Jeremías (siglo VII-VI a. de C.) no es menos explícito: “Así habla Yavé de los ejércitos, el Dios de Israel: «Añadan ustedes, no más, los holocaustos a los sacrificios y coman después la carne. Que cuando yo saqué a sus padres de Egipto no les hablé ni les ordené nada referente a sacrificios y holocaustos. Lo que les mandé, más bien, fue esto: Escuchen mi voz, y yo seré su Dios y ustedes serán mi pueblo. Caminen por el camino que les indiqué para que siempre les vaya bien. Pero ellos no me escucharon ni me hicieron caso, sino que siguieron la inclinación de su corazón malvado, me dieron la espalda y me volvieron la cara»” (Jr. 7, 21-24).
En Oseas (siglo VIII a. de C.) la vehemencia del enfrentamiento aumenta: “Escuchen esto, sacerdotes, estén atentos los jefes de Israel, presten atención los de la casa del rey. Ustedes van a ser juzgados pues han sido como un lazo de cazador en Masfa y como una red tendida en el Tabor” (Os. 5,1). “Porque yo quiero amor, no sacrificios, y conocimiento de Dios, más que víctimas consumidas por el fuego” (Os. 6,6).
En todos estos textos vemos siempre al profeta enfrentando simultáneamente el sacerdocio, con sus sacrificios y ofrendas en el templo, a las autoridades de Israel, al rey y a su corte. En el régimen asiático al que pertenece Palestina, el sacerdocio y el templo a él ligado forman una unidad muy estricta con el sistema político. En algunos momentos de la historia, como será en la Judea de la época de Jesús, forman una sola cosa.
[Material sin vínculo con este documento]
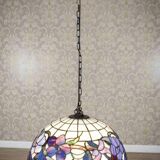 20th-Century Hanging Lamp with Multicolored Shade in the style of Tiffany, 1940s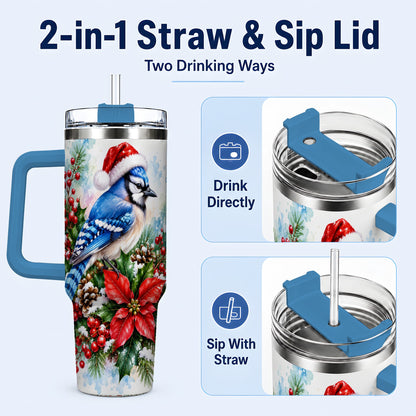 #pl[40oz|Blue] Watercolor Blue Jay Tumbler 40oz, Christmas Bird Stainless Steel Travel Cup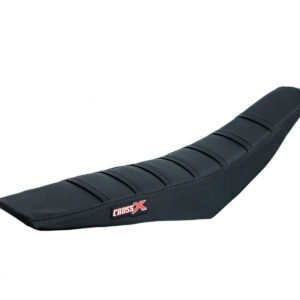 HOUSSE DE SELLE KAWASAKI KXF 250-450 - TOP BLACK- SIDE BLACK-STRIPES BLACK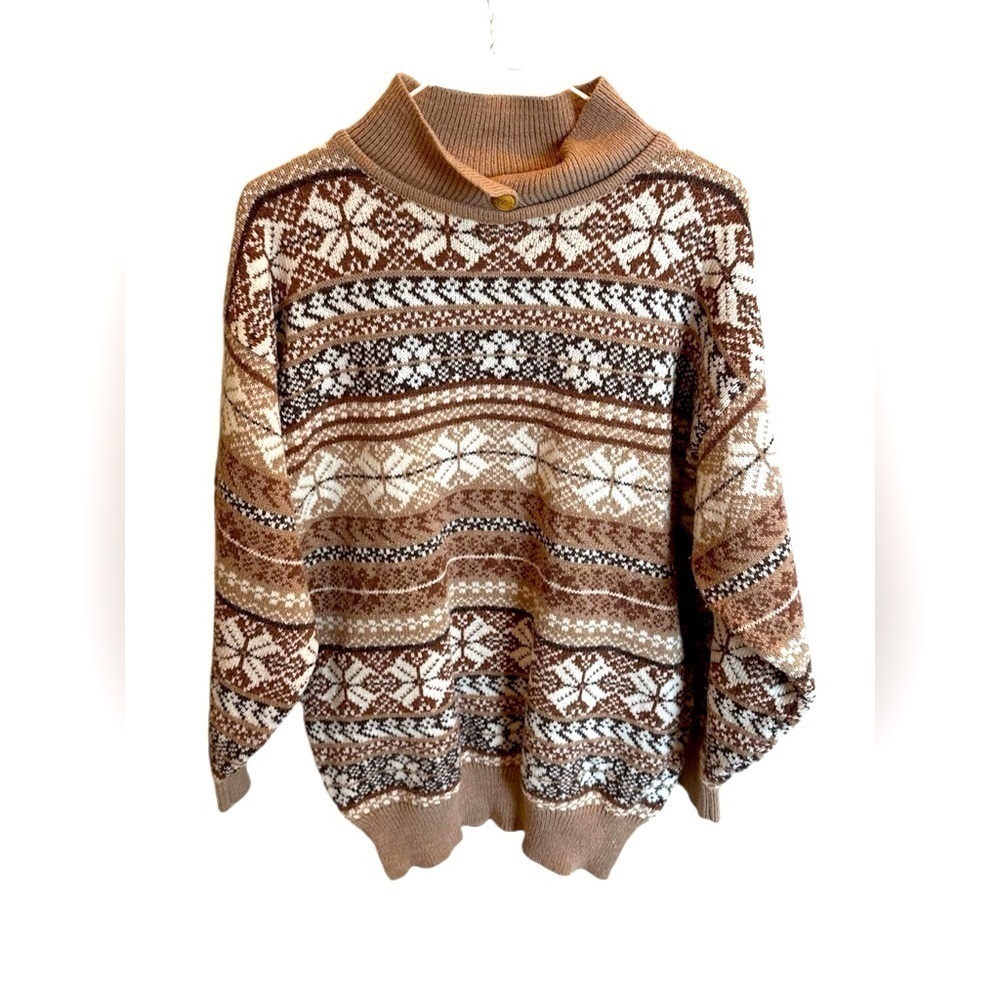 Partners Vintage 90s White & Brown Ski Sweater Size Medium Y2K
El templo será el centro mismo de todo el poder.
Rechazar los sacrificios significa deslegitimar el dominio de la monarquía que en ellos se apoya, y arruinar definitivamente el negocio de la poderosa clase sacerdotal. Toda una constelación de intereses poderosos se veían de esta manera afectados. Por ello siempre la suerte que corrieron los profetas fue extremadamente dura.
Ante las desgracias profetizadas por Jeremías, “el sacerdote Pasjur, hijo de Immer, que era primer encargado de la Casa de Yavé, al oír a Jeremías, mandó apalearlo, y lo hizo sujetar con cadenas en el calabozo de la Puerta Alta de Benjamín, que está en la Casa de Yavé. Al día siguiente sacó Pasjur a Jeremías del calabozo. Entonces Jeremías le dijo: «No es Pasjur el nombre que Yavé te ha puesto. Sino que Terror para todos»”.
Porque así dice Yavé: “Yo hago que seas terror para ti mismo y para tus amigos, los cuales serán muertos por sus enemigos. Ante tus propios ojos entregaré a toda la gente de Judá en manos del rey de Babilonia, para que sean llevados a esa ciudad o muertos a espada. Entregaré a los enemigos las riquezas de Jerusalén. Tanto sus reservas como sus cosas preciosas y los tesoros de los reyes de Judá. Los enemigos saquearán y tomarán todo, llevándoselo a Babilonia. Y tú, Pasjur, con toda tu familia irás al destierro. A Babilonia llegarás. Allí morirás y allí serás sepultado, junto con tus amigos a quienes engañas con profecías falsas” (Jer. 20, 1-6).